**Exercise requirements**: Among the entries that follow, some lines contain the word "Party". Show all of them.

(Stored entries)
——

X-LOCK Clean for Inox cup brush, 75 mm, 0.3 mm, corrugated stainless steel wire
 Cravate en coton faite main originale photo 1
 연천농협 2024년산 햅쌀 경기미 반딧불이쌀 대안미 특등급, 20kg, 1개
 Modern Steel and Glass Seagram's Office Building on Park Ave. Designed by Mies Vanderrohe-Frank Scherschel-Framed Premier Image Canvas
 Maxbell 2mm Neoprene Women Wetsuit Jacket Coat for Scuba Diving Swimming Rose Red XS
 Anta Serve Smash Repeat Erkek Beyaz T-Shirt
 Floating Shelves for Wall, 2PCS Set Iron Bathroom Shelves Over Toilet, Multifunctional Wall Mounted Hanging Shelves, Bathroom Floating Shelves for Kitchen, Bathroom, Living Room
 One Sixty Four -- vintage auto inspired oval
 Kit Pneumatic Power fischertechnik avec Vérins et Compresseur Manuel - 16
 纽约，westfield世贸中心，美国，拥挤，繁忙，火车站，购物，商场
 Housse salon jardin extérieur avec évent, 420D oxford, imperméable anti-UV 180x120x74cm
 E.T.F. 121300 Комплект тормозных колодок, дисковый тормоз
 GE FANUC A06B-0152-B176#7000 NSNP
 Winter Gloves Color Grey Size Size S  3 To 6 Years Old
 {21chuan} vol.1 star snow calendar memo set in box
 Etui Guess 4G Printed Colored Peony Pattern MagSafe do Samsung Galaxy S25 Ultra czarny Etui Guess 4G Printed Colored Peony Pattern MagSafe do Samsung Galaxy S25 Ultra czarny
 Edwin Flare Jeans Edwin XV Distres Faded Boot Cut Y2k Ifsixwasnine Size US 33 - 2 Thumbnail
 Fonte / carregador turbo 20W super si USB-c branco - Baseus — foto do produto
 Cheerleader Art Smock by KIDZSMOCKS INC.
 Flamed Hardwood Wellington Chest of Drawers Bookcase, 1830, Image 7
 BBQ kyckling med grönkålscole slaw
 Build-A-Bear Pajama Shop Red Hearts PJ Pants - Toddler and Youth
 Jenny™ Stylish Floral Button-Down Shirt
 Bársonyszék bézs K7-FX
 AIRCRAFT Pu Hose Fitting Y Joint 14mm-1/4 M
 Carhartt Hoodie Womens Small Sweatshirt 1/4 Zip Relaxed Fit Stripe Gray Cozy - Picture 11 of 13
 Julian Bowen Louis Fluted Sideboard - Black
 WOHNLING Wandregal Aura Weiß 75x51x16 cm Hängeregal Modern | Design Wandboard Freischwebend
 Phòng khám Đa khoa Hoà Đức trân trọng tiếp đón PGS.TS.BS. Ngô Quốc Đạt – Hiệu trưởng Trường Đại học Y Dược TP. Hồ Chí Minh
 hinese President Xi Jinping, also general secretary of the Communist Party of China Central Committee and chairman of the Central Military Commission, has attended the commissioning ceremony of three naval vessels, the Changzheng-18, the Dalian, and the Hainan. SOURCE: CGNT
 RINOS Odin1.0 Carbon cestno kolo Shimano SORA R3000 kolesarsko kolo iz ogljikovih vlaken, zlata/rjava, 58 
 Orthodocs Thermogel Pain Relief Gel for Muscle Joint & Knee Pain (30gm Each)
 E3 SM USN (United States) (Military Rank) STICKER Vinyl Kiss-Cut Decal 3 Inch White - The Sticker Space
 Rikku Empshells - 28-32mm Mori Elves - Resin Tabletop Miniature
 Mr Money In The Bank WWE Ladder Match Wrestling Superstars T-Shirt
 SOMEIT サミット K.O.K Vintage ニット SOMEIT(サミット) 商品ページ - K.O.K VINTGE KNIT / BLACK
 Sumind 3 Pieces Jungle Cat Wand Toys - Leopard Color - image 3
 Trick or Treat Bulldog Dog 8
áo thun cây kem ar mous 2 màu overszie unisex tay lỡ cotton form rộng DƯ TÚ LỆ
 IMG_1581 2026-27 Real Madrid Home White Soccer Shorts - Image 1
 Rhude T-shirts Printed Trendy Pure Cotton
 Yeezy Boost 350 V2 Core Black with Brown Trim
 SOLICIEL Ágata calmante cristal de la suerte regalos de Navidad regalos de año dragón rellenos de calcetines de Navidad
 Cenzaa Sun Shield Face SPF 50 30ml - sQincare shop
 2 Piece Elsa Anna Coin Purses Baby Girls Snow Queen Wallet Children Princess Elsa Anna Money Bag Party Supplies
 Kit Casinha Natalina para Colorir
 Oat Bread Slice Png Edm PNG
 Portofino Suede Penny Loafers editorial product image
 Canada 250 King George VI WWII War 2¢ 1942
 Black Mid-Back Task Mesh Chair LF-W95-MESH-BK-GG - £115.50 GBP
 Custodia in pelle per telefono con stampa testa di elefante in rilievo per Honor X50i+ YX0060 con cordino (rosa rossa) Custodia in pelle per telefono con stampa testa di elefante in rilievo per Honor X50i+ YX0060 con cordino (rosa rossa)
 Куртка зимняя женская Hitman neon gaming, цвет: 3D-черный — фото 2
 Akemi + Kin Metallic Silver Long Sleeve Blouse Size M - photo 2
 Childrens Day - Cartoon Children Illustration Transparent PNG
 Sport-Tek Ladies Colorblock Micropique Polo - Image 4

——

**Written response**:
 hinese President Xi Jinping, also general secretary of the Communist Party of China Central Committee and chairman of the Central Military Commission, has attended the commissioning ceremony of three naval vessels, the Changzheng-18, the Dalian, and the Hainan. SOURCE: CGNT
 2 Piece Elsa Anna Coin Purses Baby Girls Snow Queen Wallet Children Princess Elsa Anna Money Bag Party Supplies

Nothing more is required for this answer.